TASK OBJECTIVE
Transcribe exactly everything in the data below from the line containing "Pictures for Office" down to the line containing "Nakiri nůž z", both lines included and nothing further.

*** Opening of DATA FOR THE TASK ***

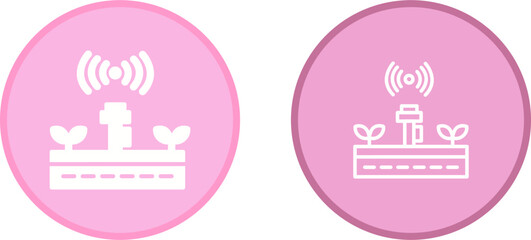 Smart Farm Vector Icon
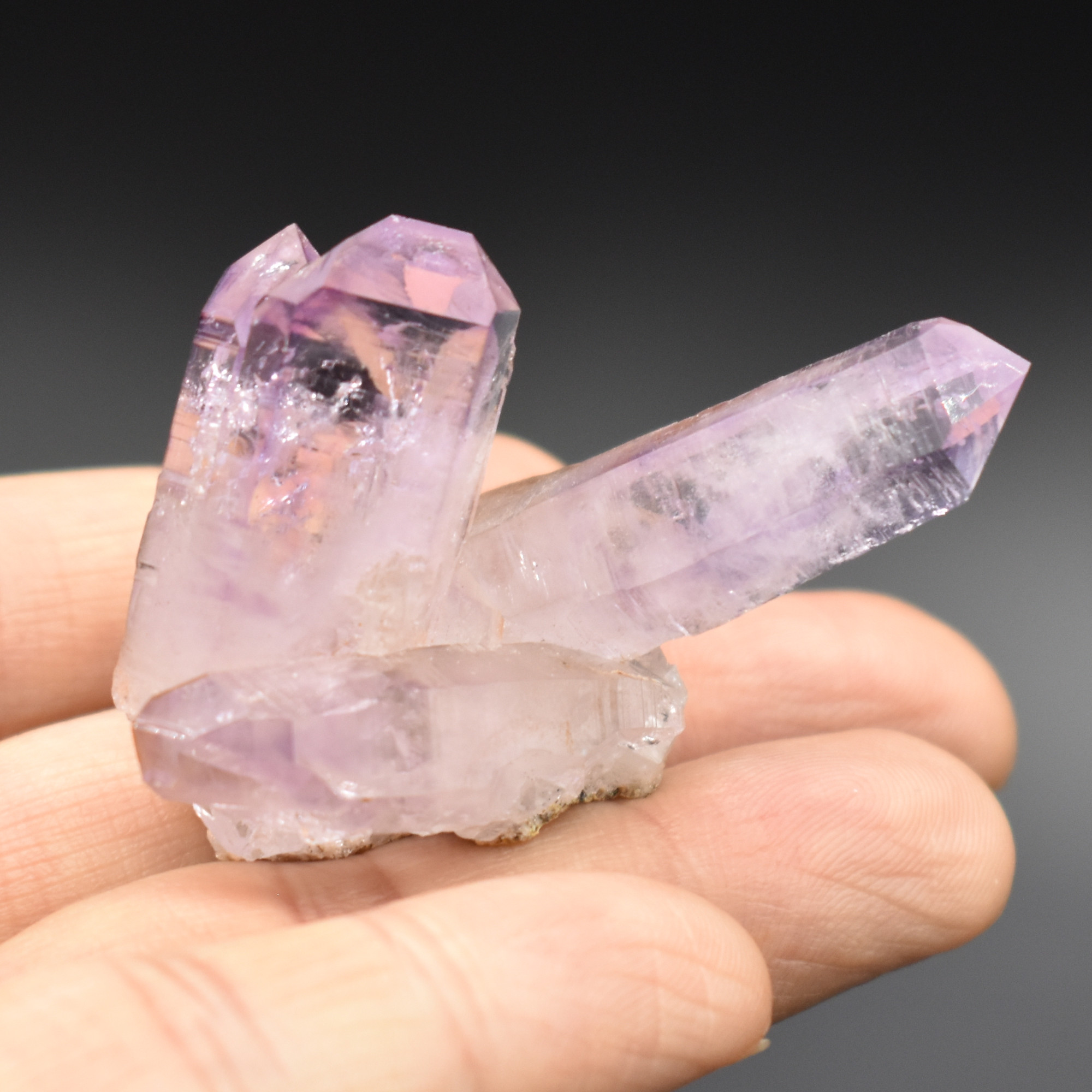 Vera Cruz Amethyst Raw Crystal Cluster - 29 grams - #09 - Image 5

*** Close of DATA FOR THE TASK ***
*** Opening of DATA FOR THE TASK ***

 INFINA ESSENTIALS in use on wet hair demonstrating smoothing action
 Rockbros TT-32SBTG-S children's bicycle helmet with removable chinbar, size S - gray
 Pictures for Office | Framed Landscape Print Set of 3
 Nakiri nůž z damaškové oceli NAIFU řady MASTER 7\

*** Close of DATA FOR THE TASK ***

ANSWER TO THIS EXERCISE
 Pictures for Office | Framed Landscape Print Set of 3
 Nakiri nůž z damaškové oceli NAIFU řady MASTER 7\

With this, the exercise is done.